- [2024-02-29] HuggingFace demo is online!
- [2023-10-23] Support visualization through SMPL-X mesh overlay and add inference docker.
- [2023-10-02] arXiv preprint is online!
- [2023-09-28] Homepage and Video are online!
- [2023-07-19] Pretrained models are released.
- [2023-06-15] Training and testing code is released.

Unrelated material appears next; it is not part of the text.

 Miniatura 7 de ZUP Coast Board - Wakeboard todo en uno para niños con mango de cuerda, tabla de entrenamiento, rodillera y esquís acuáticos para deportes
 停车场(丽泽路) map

conda create -n smplerx python=3.8 -y
conda activate smplerx
conda install pytorch==1.12.0 torchvision==0.13.0 torchaudio==0.12.0 cudatoolkit=11.3 -c pytorch -y
pip install mmcv-full==1.7.1 -f https://download.openmmlab.com/mmcv/dist/cu113/torch1.12.0/index.html
pip install -r requirements.txt
# install mmpose
cd main/transformer_utils
pip install -v -e .
cd ../..
docker pull wcwcw/smplerx_inference:v0.2
docker run --gpus all -v <vid_input_folder>:/smplerx_inference/vid_input \
-v <vid_output_folder>:/smplerx_inference/vid_output \
wcwcw/smplerx_inference:v0.2 --vid <video_name>.mp4
# Currently any customization need to be applied to /smplerx_inference/smplerx/inference_docker.py
- We recently developed a docker for inference at docker hub.
- This docker image uses SMPLer-X-H32 as inference baseline and was tested at RTX3090 & WSL2 (Ubuntu 20.04).

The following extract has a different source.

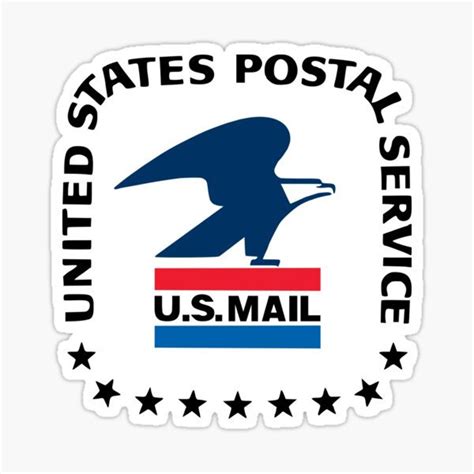 Usps Postal Service Mail Old Logo Embroidery Machine Instant Download ...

Model | Backbone | #Datasets | #Inst. | #Params | MPE | Download | FPS |
---|---|---|---|---|---|---|---|
SMPLer-X-S32 | ViT-S | 32 | 4.5M | 32M | 82.6 | model | 36.17 |
SMPLer-X-B32 | ViT-B | 32 | 4.5M | 103M | 74.3 | model | 33.09 |
SMPLer-X-L32 | ViT-L | 32 | 4.5M | 327M | 66.2 | model | 24.44 |
SMPLer-X-H32 | ViT-H | 32 | 4.5M | 662M | 63.0 | model | 17.47 |
- MPE (Mean Primary Error): the average of the primary errors on five benchmarks (AGORA, EgoBody, UBody, 3DPW, and EHF)
- FPS (Frames Per Second): the average inference speed on a single Tesla V100 GPU, batch size = 1
- download all datasets
- process all datasets into HumanData format, except the following:
- AGORA, MSCOCO, MPII, Human3.6M, UBody.
- follow OSX in preparing these 5 datasets.
- follow OSX in preparing pretrained ViTPose models. Download the ViTPose pretrained weights for ViT-small and ViT-huge from here.
- download SMPL-X and SMPL body models.
- download mmdet pretrained model and config for inference.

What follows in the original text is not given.